15th QSC General Assembly in Delft
We cordially invite you to the 15th General Assembly of the Quantum Software Consortium (QSC), to be held in Delft on 7 May 2026. The scientific programme will be composed by Tim Coopmans (QuTech, TU Delft) and Jonas Helsen (QuSoft, CWI). A variety of presentations will cover topics ranging from mathematics and cryptography to quantum information and experimental quantum optics. The organisation of the event will be overseen by Carla van Asperen and Doutzen Abma.
Speakers who have confirmed:
Alicja Dutkiewicz (QuSoft, CWI) - Ground state energy estimation in the early fault-tolerant era
Scarlett Gauthier (QuTech, TU Delft) - Arqon quantum network architecture and the QIA prototype network
Stefano Polla (QuSoft/HIMS/IvI, UvA) - What do we need to realize the promise of quantum computing in Chemistry?
Scarlett Gauthier (QuTech, TU Delft and the Quantum Internet Alliance (QIA)
Title: Arqon quantum network architecture and the QIA prototype network
Abstract: A quantum network’s purpose is to enable users to execute applications on end nodes. This requires the network to provide the service of creating entangled links between those nodes. Arqon implements an architecture for centralized control of a quantum network designed to provide reliable service to accepted demands from end nodes. Arqon has been designed against technical considerations that are especially relevant for near-term prototype quantum networks. The Quantum Internet Alliance (QIA) has a mission to demonstrate a full-stack prototype quantum network by the end of the decade, and Arqon will be integrated into its network stack. In this talk I will first introduce QIA and then discuss the design and evaluation of Arqon.

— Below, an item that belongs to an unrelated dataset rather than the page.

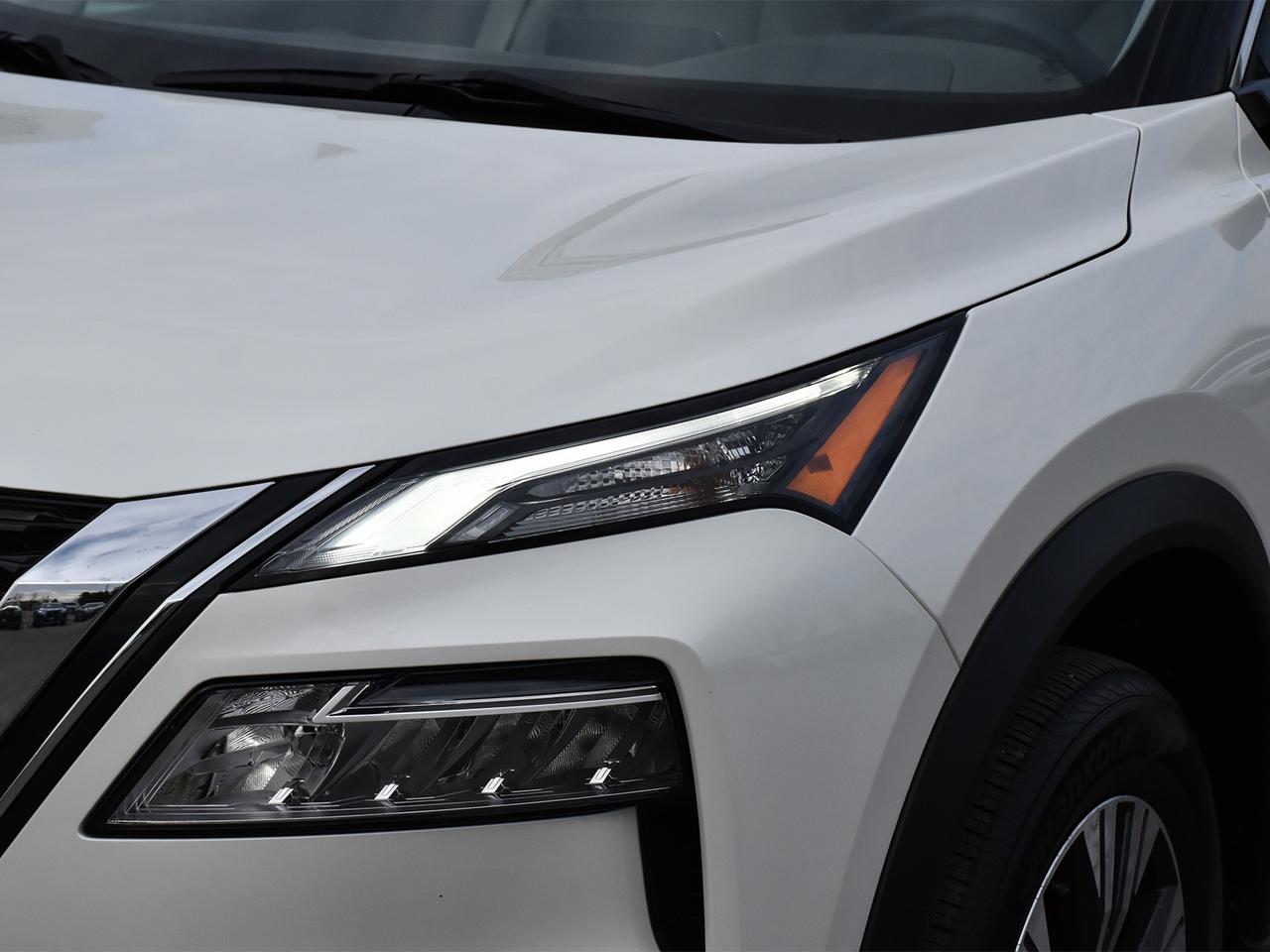 2021 Nissan Rogue SV  - Sunroof -  Heated Seats Photo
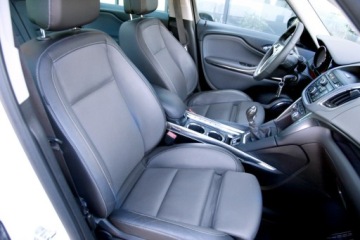 Opel Zafira C Tourer 1.6 CDTI ECOTEC 136KM 2014 Opel Zafira OPC LINE|7 Foteli|Panorama| Navi|Kamer, zdjęcie 14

Stefano Polla (QuSoft/HIMS/IvI, UvA)
Title: What do we need to realize the promise of quantum computing in Chemistry?
Abstract: Quantum computing is widely expected to offer advantages for problems rooted in quantum mechanics, with chemistry often cited as a flagship application. Yet turning this promise into scientifically useful tools remains a major challenge. In this talk, I will present two research directions aimed at expanding the practical targets of quantum simulation in computational chemistry: the development of quantum algorithms for molecular dynamics on (early) fault-tolerant devices, and the integration of noisy quantum-generated data into physically-motivated classical machine-learning pipelines for electronic-structure simulations.